What to produce: Copy the records below exactly, starting at the line that contains "Used 2023 Subaru" and ending at the line that contains "Didn’t notice how"; leave out any pictures.

Exercise inputs:
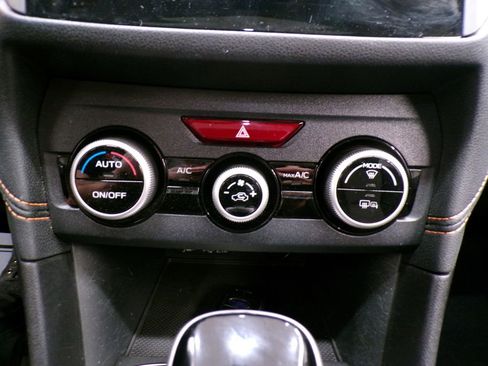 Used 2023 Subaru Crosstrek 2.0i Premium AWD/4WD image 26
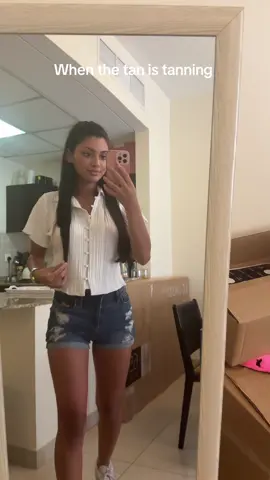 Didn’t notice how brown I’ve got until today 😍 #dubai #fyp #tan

--

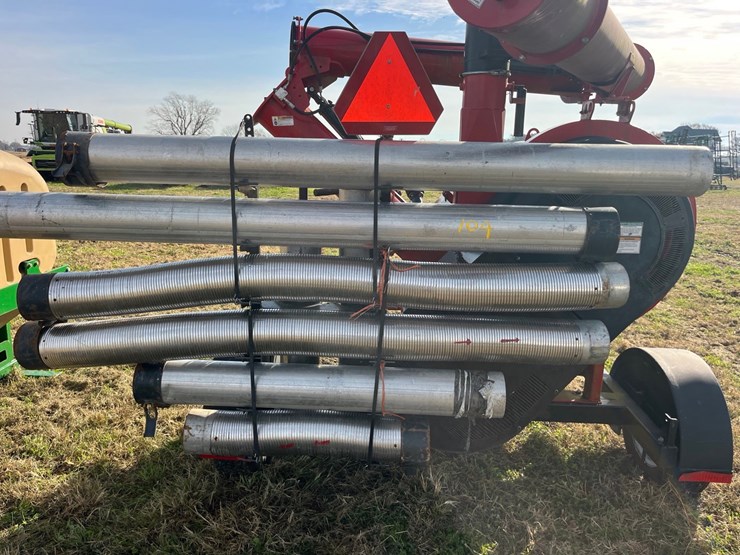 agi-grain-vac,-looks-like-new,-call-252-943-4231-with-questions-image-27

Worked solution:
 Used 2023 Subaru Crosstrek 2.0i Premium AWD/4WD image 26
 Didn’t notice how brown I’ve got until today 😍 #dubai #fyp #tan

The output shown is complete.